The Independent reported this week that Honduras has moved to ban all child marriages, making it illegal for anyone under the age of 18 to get married, with no exceptions. This is a great step forward for a country where one in four children are married before the age of 18. The Independent also states that child marriage usually involves marrying a younger girl to an older man and is often driven by poverty and cultural acceptance. This removes opportunities for girls to continue education or escape the poverty cycle. The Independent reported that most Latin American countries ban marriage until 18 years of age; however, there are generally exceptions where there is parental consent. This is an important exception as parents in these countries may be the ones arranging the marriage in order to alleviate some of their own poverty. The law in Honduras removes this exception, thereby safeguarding children from this situation.

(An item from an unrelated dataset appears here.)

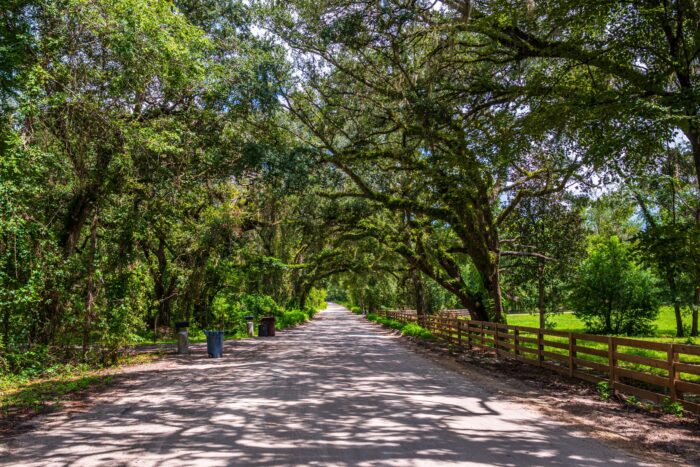 Land in Ft White FL (1 of 5)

Belinda Portillo, Honduras’ Country Director of the charity Plan International has said that “the fight against child marriage is a strategic way of promoting the rights and empowerment of women in various areas, such as health, education, work, freedom from violence.” Portillo also states that Honduras has “made history” with the passing of this law. Human Rights Watch suggests that this is a leading move for a country from a region where child marriages are common, but often not as publicised as in Asia or Africa. UNICEF reports that in five Latin American countries, at least 30 percent of girls are married before the age of 18. Human Rights Watch reiterates the points made by Portillo in suggesting that this leads to girls being trapped in a cycle of poverty and not completing their education.
Human Rights Watch has stated that this is a great step forward by Honduras, but the real challenge may come from enforcement of the new law. For a country where child marriages are culturally accepted, it can be difficult to overcome tradition, especially in communities which still adhere to many traditional ways of life. However, this is a promising move by Honduras and helps to highlight the issue for Latin America. The first step is to get the issue in the public sphere, then legislate, then enforce. Honduras is leading the way with the first two steps achieved, and this will hopefully influence other states to follow suit. The impact of child marriages on children, especially girls, can extend throughout their lives and potentially into the lives of their children as the same practices continue. Breaking this vicious cycle will help to lift communities out of poverty and raise the standard of living for children in the region. Laws banning child marriages, especially with no exceptions, promise a new life for the children of the country.
The wider implications of child marriages are important to consider when evaluating the severity of the issue. Ending child marriages is included in the UN Sustainable Development Goals for 2030 because of the significance of these issues for young people. If children do not have to marry at a young age, they are more likely to complete their education and there is a greater chance they can escape the cycle of poverty. There may still be concerns about the enforcement of the new law in Honduras, but it is definitely a positive step in the right direction.